Because I can't find anyone else willing to give up a girl. They are like gold and no on wants to part with them. I've been trying to find some for years with no luck and then suddenly Chewy and Big Bertha became available. If I could find two or three more, they'd go over to Bert's side.


----------



## ticothetort2 (Nov 10, 2010)

Really nice Tom, I love the craftsmanship! I'm sure the girls will be very cozy for the cold winter nights.


----------



## ALDABRAMAN (Nov 11, 2010)

I love the color, nice job.


----------



## sara (Nov 11, 2010)

thats the same heater i have, I love the oil heaters, less risk of fire hazard and they seem to disperse heat more evenly. what a bunh of happy looking girls you have there!


----------



## Isa (Nov 11, 2010)

Very nice Tom! I really like it


----------



## Tom (Nov 11, 2010)

Isa said:


> Very nice Tom! I really like it



Thanks Isa. Me too. More importantly all my torts love it. Once I added the new girls not every one was going into their old box every night. Don't really know why, but it got really old carrying all those heavy torts around in the dark every night. Now all of them go in all by themselves EVERY night. Words cannot express what a relief that is.


----------



## laura808 (Nov 13, 2010)

Your daughter is so cute!!! how many animals do you have??


----------



## solstitialis (Nov 13, 2010)

Can you give me some info on the oil heater you use? What brand? Are they really a low fire risk? 

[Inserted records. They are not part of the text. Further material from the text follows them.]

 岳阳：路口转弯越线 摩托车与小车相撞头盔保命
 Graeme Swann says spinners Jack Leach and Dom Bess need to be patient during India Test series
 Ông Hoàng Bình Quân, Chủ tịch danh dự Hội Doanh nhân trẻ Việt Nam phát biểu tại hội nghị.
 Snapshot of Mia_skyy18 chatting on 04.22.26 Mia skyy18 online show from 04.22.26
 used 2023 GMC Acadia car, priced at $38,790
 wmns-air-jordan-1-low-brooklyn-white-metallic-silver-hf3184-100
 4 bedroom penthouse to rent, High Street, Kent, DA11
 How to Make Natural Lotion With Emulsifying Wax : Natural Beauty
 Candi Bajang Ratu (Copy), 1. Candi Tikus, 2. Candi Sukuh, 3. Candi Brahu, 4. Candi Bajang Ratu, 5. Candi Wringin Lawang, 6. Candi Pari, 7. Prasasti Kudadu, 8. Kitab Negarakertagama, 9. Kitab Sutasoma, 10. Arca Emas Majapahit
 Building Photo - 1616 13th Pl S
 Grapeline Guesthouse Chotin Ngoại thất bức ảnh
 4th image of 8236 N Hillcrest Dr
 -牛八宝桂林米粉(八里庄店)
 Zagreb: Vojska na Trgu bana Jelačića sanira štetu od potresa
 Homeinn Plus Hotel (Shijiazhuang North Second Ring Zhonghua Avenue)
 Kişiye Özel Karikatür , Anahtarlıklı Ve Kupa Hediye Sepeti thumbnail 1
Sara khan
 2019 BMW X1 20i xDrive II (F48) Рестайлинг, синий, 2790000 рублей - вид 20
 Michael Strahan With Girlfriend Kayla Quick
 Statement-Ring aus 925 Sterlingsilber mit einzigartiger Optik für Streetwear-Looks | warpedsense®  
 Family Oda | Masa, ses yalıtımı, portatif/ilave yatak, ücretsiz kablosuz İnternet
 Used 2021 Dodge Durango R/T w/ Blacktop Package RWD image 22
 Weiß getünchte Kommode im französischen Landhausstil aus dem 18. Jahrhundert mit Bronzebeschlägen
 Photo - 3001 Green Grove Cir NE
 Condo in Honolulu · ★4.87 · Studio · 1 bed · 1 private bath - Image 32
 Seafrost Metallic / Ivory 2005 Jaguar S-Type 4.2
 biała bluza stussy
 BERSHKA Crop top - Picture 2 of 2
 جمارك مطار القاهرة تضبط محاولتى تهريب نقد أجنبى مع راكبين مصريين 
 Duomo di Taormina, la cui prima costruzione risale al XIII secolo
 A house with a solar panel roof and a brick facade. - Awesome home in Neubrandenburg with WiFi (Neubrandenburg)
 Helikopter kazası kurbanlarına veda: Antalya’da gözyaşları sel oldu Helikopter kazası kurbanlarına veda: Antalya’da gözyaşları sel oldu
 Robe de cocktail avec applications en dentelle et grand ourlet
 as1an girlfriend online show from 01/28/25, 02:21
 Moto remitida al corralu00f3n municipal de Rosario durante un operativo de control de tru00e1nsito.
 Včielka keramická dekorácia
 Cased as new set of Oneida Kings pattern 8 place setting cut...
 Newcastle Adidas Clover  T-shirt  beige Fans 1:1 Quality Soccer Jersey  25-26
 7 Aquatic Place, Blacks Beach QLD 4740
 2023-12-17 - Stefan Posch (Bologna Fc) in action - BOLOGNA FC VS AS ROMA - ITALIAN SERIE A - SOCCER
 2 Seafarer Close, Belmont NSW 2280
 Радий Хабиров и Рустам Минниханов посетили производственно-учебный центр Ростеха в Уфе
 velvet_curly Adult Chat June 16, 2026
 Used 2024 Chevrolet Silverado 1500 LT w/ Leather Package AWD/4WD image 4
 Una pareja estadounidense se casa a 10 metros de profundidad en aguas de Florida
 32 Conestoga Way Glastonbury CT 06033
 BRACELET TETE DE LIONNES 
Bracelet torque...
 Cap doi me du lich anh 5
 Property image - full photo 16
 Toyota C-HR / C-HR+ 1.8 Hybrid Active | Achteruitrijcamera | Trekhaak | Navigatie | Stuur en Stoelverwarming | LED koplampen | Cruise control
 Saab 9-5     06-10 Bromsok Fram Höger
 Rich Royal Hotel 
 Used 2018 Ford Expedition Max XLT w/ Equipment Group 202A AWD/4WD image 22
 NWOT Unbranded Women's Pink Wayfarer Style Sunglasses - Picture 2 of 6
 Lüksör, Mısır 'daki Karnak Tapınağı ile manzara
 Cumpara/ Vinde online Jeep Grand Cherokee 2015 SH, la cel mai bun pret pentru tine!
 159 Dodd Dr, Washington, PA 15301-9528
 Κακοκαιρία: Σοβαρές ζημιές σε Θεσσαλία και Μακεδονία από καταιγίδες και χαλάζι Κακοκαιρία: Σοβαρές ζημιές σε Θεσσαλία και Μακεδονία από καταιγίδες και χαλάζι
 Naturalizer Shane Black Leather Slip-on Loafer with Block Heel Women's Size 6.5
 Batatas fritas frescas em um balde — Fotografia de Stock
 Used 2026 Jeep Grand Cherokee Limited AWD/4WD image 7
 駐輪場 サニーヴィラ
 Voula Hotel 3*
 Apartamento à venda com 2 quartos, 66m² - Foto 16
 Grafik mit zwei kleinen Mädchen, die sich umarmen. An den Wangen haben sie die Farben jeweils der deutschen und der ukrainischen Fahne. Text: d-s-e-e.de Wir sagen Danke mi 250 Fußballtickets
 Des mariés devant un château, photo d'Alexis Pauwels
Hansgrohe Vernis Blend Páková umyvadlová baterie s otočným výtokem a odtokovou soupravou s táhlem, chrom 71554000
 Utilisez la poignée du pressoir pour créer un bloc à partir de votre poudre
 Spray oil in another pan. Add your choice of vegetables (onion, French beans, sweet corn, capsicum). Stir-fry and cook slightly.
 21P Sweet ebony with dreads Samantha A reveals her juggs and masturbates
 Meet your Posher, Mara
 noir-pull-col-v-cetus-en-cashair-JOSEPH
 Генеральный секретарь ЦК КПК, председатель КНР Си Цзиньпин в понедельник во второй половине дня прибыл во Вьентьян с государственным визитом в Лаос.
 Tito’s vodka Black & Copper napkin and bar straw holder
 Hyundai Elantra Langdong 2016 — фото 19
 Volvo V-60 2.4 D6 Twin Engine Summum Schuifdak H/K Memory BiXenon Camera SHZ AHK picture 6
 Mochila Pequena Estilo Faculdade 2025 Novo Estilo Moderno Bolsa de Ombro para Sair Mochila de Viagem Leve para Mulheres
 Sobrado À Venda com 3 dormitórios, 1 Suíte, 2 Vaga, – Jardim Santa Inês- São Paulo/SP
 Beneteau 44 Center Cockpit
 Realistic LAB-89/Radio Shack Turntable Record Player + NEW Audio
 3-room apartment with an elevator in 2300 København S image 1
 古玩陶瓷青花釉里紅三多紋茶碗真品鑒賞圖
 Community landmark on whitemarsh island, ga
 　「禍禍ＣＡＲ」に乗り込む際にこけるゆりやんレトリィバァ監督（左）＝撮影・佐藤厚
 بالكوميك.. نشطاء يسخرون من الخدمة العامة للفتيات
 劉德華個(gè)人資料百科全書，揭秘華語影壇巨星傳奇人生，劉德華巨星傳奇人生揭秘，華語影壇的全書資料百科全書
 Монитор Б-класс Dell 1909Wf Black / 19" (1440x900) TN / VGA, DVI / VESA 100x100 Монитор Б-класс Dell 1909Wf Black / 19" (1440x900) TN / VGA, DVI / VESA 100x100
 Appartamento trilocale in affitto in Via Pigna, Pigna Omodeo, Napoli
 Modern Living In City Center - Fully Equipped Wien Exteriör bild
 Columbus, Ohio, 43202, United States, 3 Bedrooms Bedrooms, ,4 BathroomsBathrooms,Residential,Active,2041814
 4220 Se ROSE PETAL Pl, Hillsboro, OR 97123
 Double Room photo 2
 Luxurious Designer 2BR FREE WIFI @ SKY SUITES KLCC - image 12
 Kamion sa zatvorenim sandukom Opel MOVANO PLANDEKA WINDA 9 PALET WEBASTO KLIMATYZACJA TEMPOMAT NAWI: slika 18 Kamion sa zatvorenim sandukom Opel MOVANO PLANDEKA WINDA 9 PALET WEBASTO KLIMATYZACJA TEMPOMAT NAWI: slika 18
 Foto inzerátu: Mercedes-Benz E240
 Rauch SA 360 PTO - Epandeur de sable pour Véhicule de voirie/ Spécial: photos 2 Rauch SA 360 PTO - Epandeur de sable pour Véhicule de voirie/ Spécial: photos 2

I currently keep my tortoise in a rubbermaid storage shed like the one you have pictured but I would like to build him something a bit nicer and yours looks fairly simple to duplicate. Thanks for posting!


----------



## Tom (Nov 13, 2010)

laura808 said:


> Your daughter is so cute!!! how many animals do you have??



Oh good lord... a whole bunch. I'm an animal trainer by trade, so all I do is mess with animals all day every day.

Thanks for complimenting my little girl. Every father thinks their little one is the cutest. I bet your dad does too.



solstitialis said:


> Can you give me some info on the oil heater you use? What brand? Are they really a low fire risk?
> 
> I currently keep my tortoise in a rubbermaid storage shed like the one you have pictured but I would like to build him something a bit nicer and yours looks fairly simple to duplicate. Thanks for posting!



They are relatively safe. Most of them have a tip over shut off switch and if you keep them on low, they don't get hot enough to start a fire. I have a friend who used one in a plain, 3', plywood cube tort box. It rested up against the plywood inside the box and his tort would rest up against the heater with no problems. You can see I took lots of extra precautions with mine. Also, even though they draw a lot of power when they are on (600 watts on low), in a well insulated box they only come on two or three times a night. I'm using a watt meter right now to compare usage with this to a couple of heat mats that are always on, but using less electricity. Temps have been in the 40's here, but even with my thermostat set to 80, that heater rarely comes on...

... and I've got some happy torts.


----------



## ChiKat (Nov 14, 2010)

It looks wonderful! Sounds like the torts are very happy 
Your daughter is so adorable!


----------



## REXANNismyprettygirl (Nov 18, 2010)

WOW!!! that is definately the mother of all tort houses!!  I think I will share your handywork with my husband so he has an idea of what I am looking for in Rexann's new house!! hehehe


----------



## DeanS (Nov 18, 2010)

THE GURU I SAY! Is there any doubt?!?!? Nice work Tom (but really...I expected nothing less)!


----------



## solstitialis (Nov 19, 2010)

Tom said:


> laura808 said:
> 
> 
> > Your daughter is so cute!!! how many animals do you have??
> ...





What kind/brand thermostat are you using?


----------



## tortoises101 (Nov 19, 2010)

Extremely innovative and well designed. I like the idea of the build in heater; very smart design!!!


----------



## Tom (Nov 20, 2010)

solstitialis said:


> Tom said:
> 
> 
> > laura808 said:
> ...





Its called "A Life 1000 Watt Thermostat". I bought them from LLL Reptile. I've bought around 10 of them over the last couple of years and they all work great on a variety of electrical products.





tortoises101 said:


> Extremely innovative and well designed. I like the idea of the build in heater; very smart design!!!



Thank you. I spent A LOT of time thinking about every aspect of it. Took me around two weeks to actually build and finish it.


----------